Posted in Articles, Book/Video Reviews, Law, Media Archive, Social Science, United States on 2011-07-02 19:33Z by Steven

Book Review Essay – The Legacy of Jim Crow: The Enduring Taboo of Black-White Romance

Texas Law Review
Volume 84, Number 3 (February 2006)
pages 739-766

Kevin R. Johnson, Dean and Mabie-Apallas Professor of Public Interest Law and Chicana/o Studies
Univesity of California, Davis

Dear Senator: A Memoir by the Daughter of Strom Thurmond. By Essie Mae Washington-Williams & William Stadiem. New York: Regan Books, 2005. Pp. 223.

Unforgivalbe Blackness: The Rise and Fall of Jack Johnson. By Geoffrey C. Ward. New York: Knopf, 2004. Pp. xi, 492.

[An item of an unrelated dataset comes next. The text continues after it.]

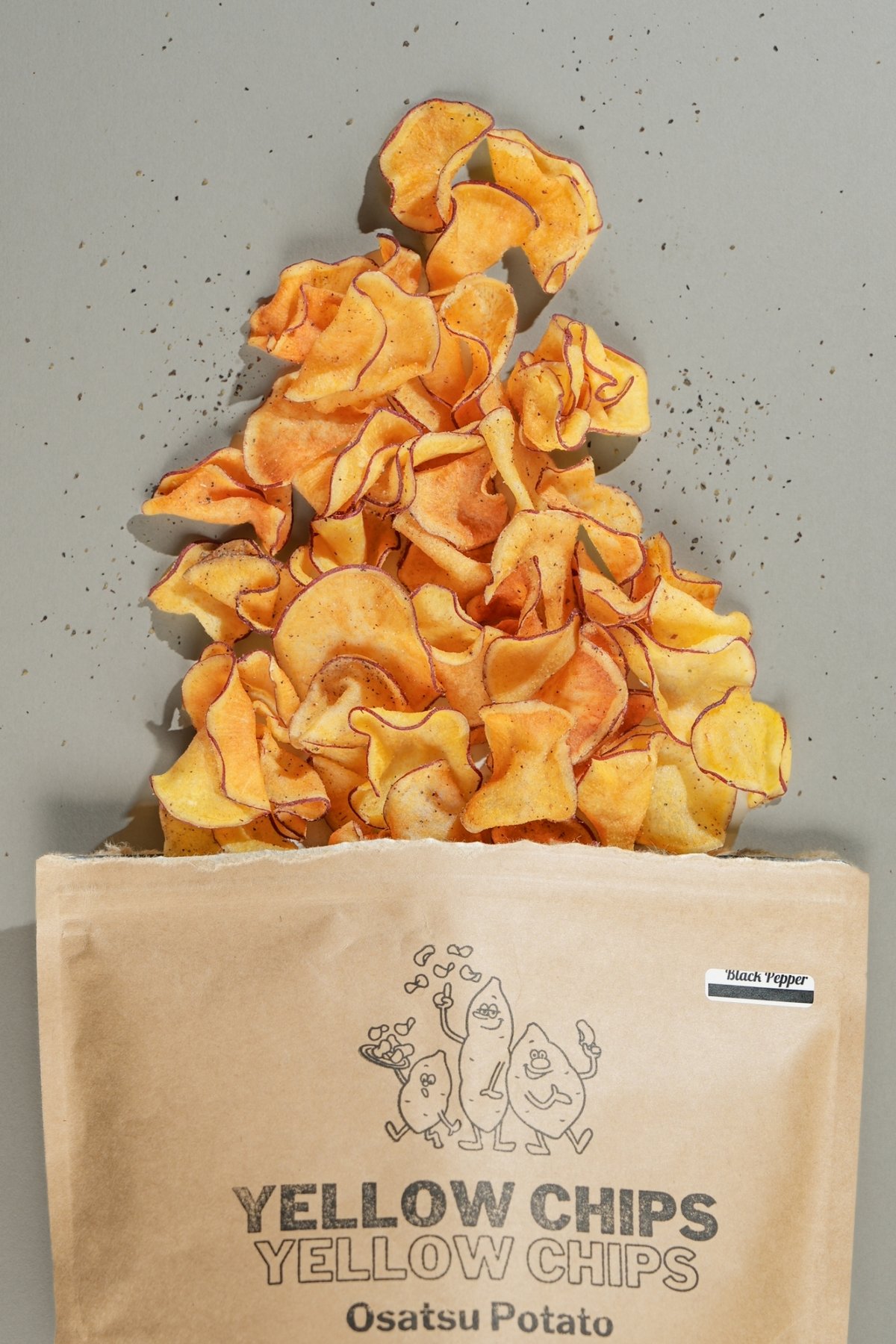 YELLOWCHIPS ﾌﾞﾗｯｸﾍﾟｯﾊﾟｰ Mサイズ | GreenDoor ONLINE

Over the last one hundred years, racial equality has made momentous strides in the United States. State-enforced segregation ended. Slowly but surely, the nation dismantled Jim Crow. As part of that dismantling, the Supreme Court struck down bans on interracial marriage, which were popular in many states.

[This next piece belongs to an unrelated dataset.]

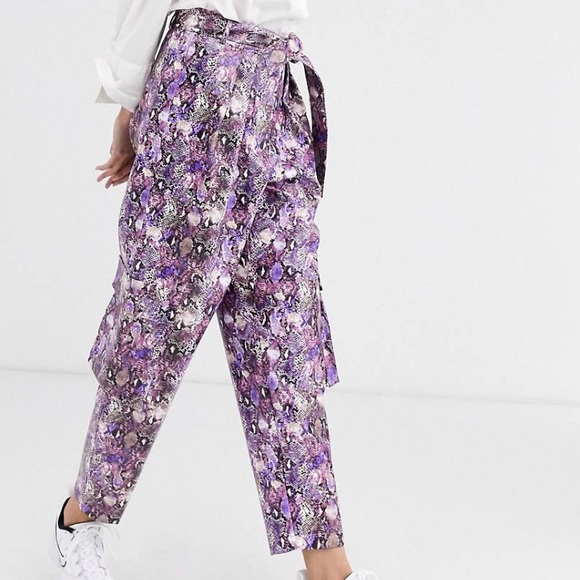 ASOS faux snake skin patent pants - Picture 5 of 9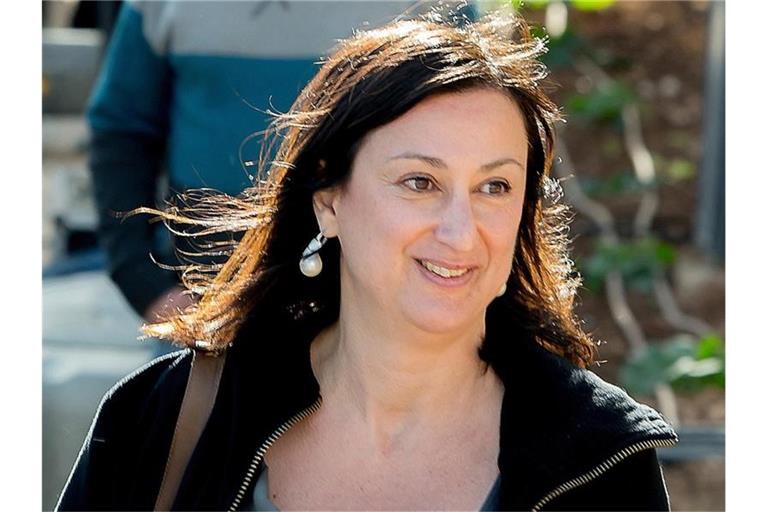 Daphne Caruana Galizia wurde im Oktober 2017 durch die Explosion einer Autobombe getötet. Foto: Jon Borg/AP/dpa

Interracial relationships have increased dramatically over the last fifty years. In 2006, they meet with much greater acceptance than they did in 1950, especially in the nation’s major urban centers. The United States has begun to grapple with the issues related to interracial intimacy, such as the increasing number of mixed-race people and the controversy over transracial adoption, two topics that would have been wholly unnecessary to mention, much less analyze, just years ago. Ultimately, by transforming notions of race and races, racial mixture promises to transform the entire civil rights agenda in the United States.

Juxtaposed against this promise of transformed racial notions, however, lies this nation’s continuing battle against the enduring legacy of slavery and Jim Crow. While adeptly shedding light on the complexities of U.S. racial history, Dear Senator: A Memoir by the Daughter of Strom Thurmond and Unforgivable Blackness: The Rise and Fall of Jack Johnson reveal just how far from this legacy the nation has advanced over the twentieth century. At the same time, the books highlight the many ways in which race relations have remained more or less the same.

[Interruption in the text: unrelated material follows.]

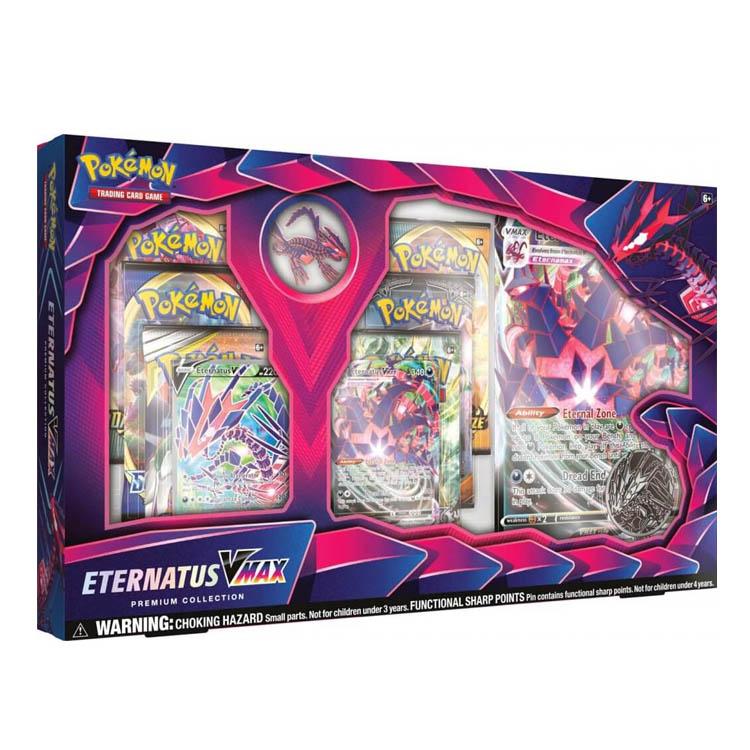 Pokemon TCG Eternatus VMAX Premium Collection Box - Card Croc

Born in 1925, Essie Mae Washington-Williams is the half-black daughter of the late U.S. Senator Strom Thurmond. Dear Senator tells the story of her life as the invisible child of a staunch segregationist and prominent national politician. Raised by her aunt in Coatesville, Pennsylvania, Washington-Williams was first stunned to learn as a teenager that her real mother—not her aunt as she had been told—was Carrie Butler, a young African-American woman who had worked as a domestic in the Strom Thurmond family home in South Carolina. A few years later she met her father, whose identity had been a tightly kept family secret. Only upon Thurmond’s death in 2003 did it become widely known that he had fathered Washington-Williams.

A generation before Washington-Williams’s birth, Jack Johnson became the first African-American heavyweight boxing champion of the world. Unforgivable Blackness details his capture of the championship as a milestone in the social history of the United States. Previously reserved exclusively for white men, the title served as a high profile symbol of white supremacy. Consequently, Johnson’s championship reign generated great controversy and contributed to heightened racial tensions…

…Both books reveal much about the deep-seated legal and social taboos that surrounded and influenced black–white relationships before the Supreme Court’s 1967 decision in Loving v. Virginia. The stories of Essie Mae Washington-Williams and Jack Johnson demonstrate how law and policy, combined with strong social forces, sought to enforce the strict separation of the races in intimate relationships. Nonetheless, from the days of Thomas Jefferson, such relationships (often nonconsensual) frequently formed between prominent white men and subservient African-American women. Interracial sex was kept secret; this secrecy served to maintain the myth of complete racial separation.

Dear Senator and Unforgivable Blackness also reveal much about the social and legal double standards used to judge interracial relationships. African Americans like Jack Johnson were harshly punished for crossing the color line. Strom Thurmond, of course, legally married a series of glamorous “All-American” women and was able to keep his relationship with an African-American domestic service worker—and his half-black daughter—a secret from the general public. That liaison crossed the same line violated by Jack Johnson but was not sanctioned in the least; indeed, it fit comfortably into a long history of white men exploiting black women.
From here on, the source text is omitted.